All of this is part of the former president’s determination to use his criminal indictment as a double-edged sword: first to claim he’s the victim of a politically motivated prosecution designed to derail his front-runner status in the race for the Republican party’s nomination, and secondly to grab the limelight and freeze out his rivals, including even Biden himself.
It could all have been so different. Rolling Stone magazine is reporting that Trump eschewed an offer to be arraigned via Zoom, opting instead for the high-profile walk into the courthouse today that will fuel the ongoing media frenzy. It’s not the “perp walk” – the prospect of which he was said to relish – but his Secret Service detail is reported to have put paid to that, along with any suggestion that the former leader of the free world might be handcuffed for his first date in front of a judge.
Trump’s legal team now includes a last-minute addition: Todd Blanche, a former federal prosecutor and former assistant US attorney in Manhattan, told colleagues on Monday the chance to represent the former President is “an opportunity I should not pass up”. He will now lead the attorneys grappling with an indictment said to consist of 34 charges relating to the $130,000 (£104,000) hush money payment made to adult movie actress Stormy Daniels in the final days of Trump’s 2016 election battle against Hillary Clinton.
The most serious counts are expected to relate to claims that Trump falsified business records to disguise the nature of the payment, and then provided those false explanations to the Federal Election Commission that monitors all electoral spending. If, as reported, the charges have all been elevated from misdemeanours – the low-level rap on the knuckles you might receive for running a red light – to felonies, Trump will be in a greater degree of legal jeopardy. Should he be convicted, he could face up to four years in jail, although as a first-time offender, a much lighter sentence would generally be expected.
The former President is described as being in trademark “combative” mode as he makes his first court appearance, and spent Monday night at Trump Tower putting the final touches to a televised address he plans to make back in Florida later on Tuesday. Given that Judge Juan Merchan has banned cameras from the arraignment, the appearance at Mar-a-Lago may be the most we see of Trump on the day of his indictment, and will offer him a fresh chance to control the narrative.

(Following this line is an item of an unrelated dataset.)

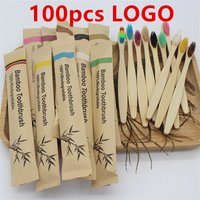 50/100Pcs Customisable Logo Soft Bristle Bamboo Toothbrush Eco Friendly Wood Tooth Brushes Traveling Teeth Care Tools for Adults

Those plans could run into difficulty if prosecutors ask the judge to impose a gag order on the former President in an effort to halt his outbursts over the criminal proceedings underway against him. On Monday night, Trump again fulminated about Manhattan District Attorney Alvin Bragg, calling on him to indict himself over leaks relating to the content of the indictment. “He MUST BE IMMEDITELY INDICTED,” raged Trump, adding for good measure condemnation of Bragg’s “Trump Hating wife”.
There is much talk of the history-making nature of the day. But, with three other investigations underway into Trump’s conduct, this could be America’s new normal. In Georgia, criminal charges relating to his alleged interference in the 2020 election could be brought against him within weeks. At the Department of Justice, two special prosecutors continue to investigate Trump’s alleged mishandling of classified documents, and his alleged instigation of the deadly riots on Capitol Hill two years ago.
Some legal practitioners fear the Manhattan District Attorney’s decision to file charges creates a dangerous precedent for all future American presidents. Trump’s former Attorney General William Barr told Fox News “now we have thousands of D.A.s around the country… any one of them can find federal candidates” to pursue legally, adding “this is a watershed moment, and I don’t think it’s going to end up good for the country”.
America is crossing a Rubicon today, and nobody can predict what kind of terrain the country will encounter on the other side of the river.